For the bechamel sauce

  • 400 ml milk
  • 70 g serrano ham without the excess fat
  • 4 tbsp olive oil
  • 1/4 onion (40g approx) cut in small cubes
  • 1 garlic clove finely grated or minced
  • 60 g all purpose flour
  • 1/8 tsp ground or grated nutmeg
  • 1/2 tsp salt
  • 50 g manchego cheese, freshly grated

For the breading and frying

  • 100 g all purpose flour
  • 2 eggs + 2 tsp water
  • 100 g breadcrumbs
  • 500-1000 ml vegetable oil for frying enough so the croquetas can be fully submerged


For the bechamel

  • Chop the serrano ham in cubes and cook it in the milk on medium heat for about 3min from the point where it starts steaming.
  • Cook the onion in a bit of the olive oil from the recipe over medium-low heat until soft and translucent. 
  • Add the garlic and cook for a few seconds.
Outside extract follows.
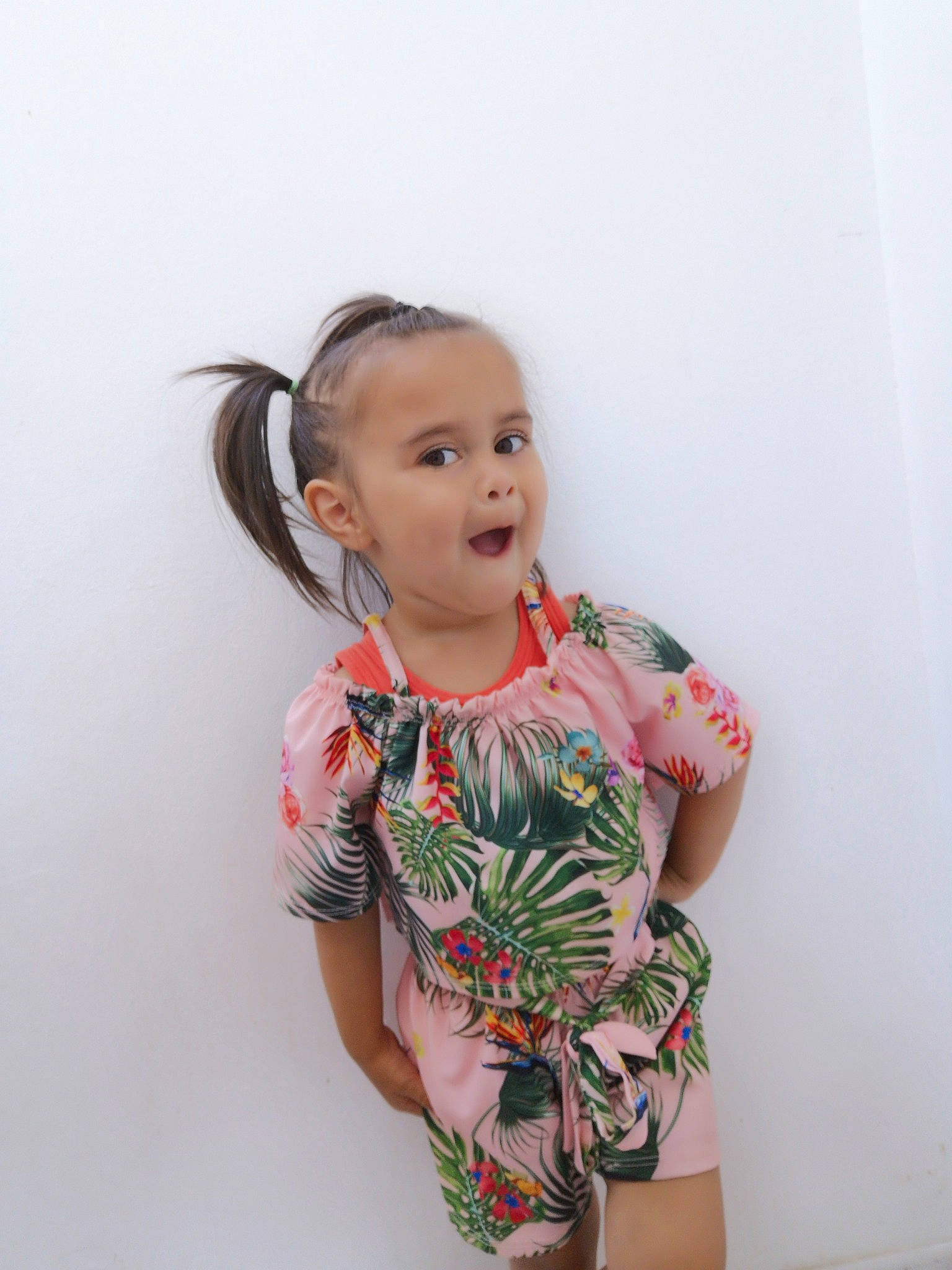 Louna participe au concours pour gagner de l'argent avec cette photo : arm, child, ear, happy, head, joint, neck, person, pigtail, plant, shoulder, skin, sleeve, t_shirt, toddler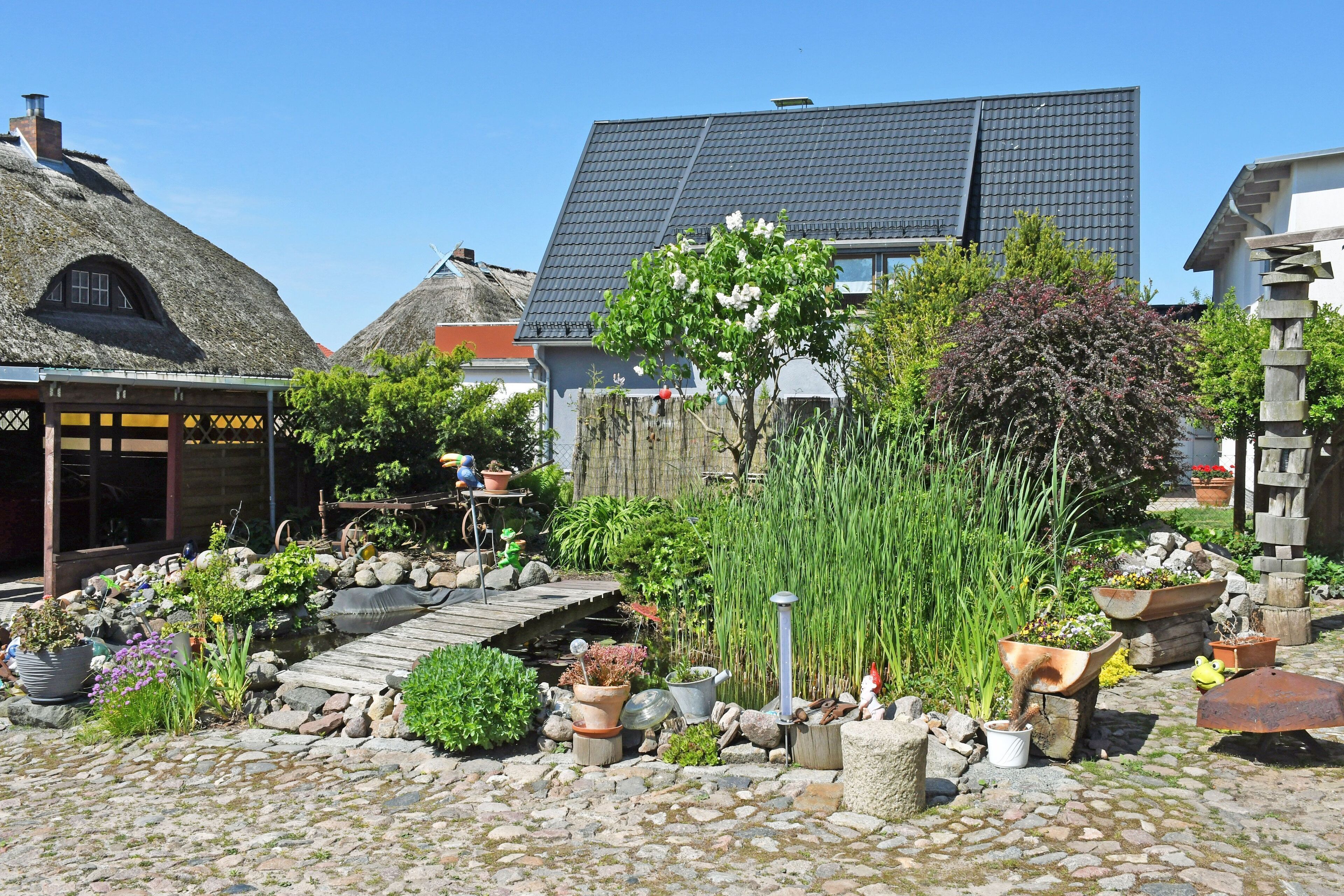 المنطقة المحيطة بالمنشأة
Don't let it become golden.
  • Add the rest of the olive oil, salt, nutmeg and flour and mix using a whisk over medium heat.
  • Cook the mix for a minute from the moment it starts boiling.
  • Turn the heat off and add the milk little by little and whisking in between to make sure no lumps form.
  • Once all the milk has been incorporated return to a medium heat and whisk constantly until it starts boiling.
  • Add the manchego cheese and mix.
  • Transfer to a container and cover with cling film. Make sure the cling film touches the surface of the bechamel sauce so a skin doesn't form.
  • Once cooled to room temperature take to the fridge for at least 2 hours and a maximum of 4 days.

For the breading and frying

  • Prepare 3 bowls: one with flour, the other with egg and water whisked together and the last one with breadcrumbs.
  • Make ovals or balls on your hands and pass through the flour, always removing the excess. Make this with all of them first so you don't bread your hands.
  • Then pass through the egg using always the same hand and make sure the excess drips off.
  • Finally pass through the breadcrumbs with the other hand always.
  • Heat the oil over medium heat, it should bubble when the croquetas go in.
  • Fry until golden and serve immediately.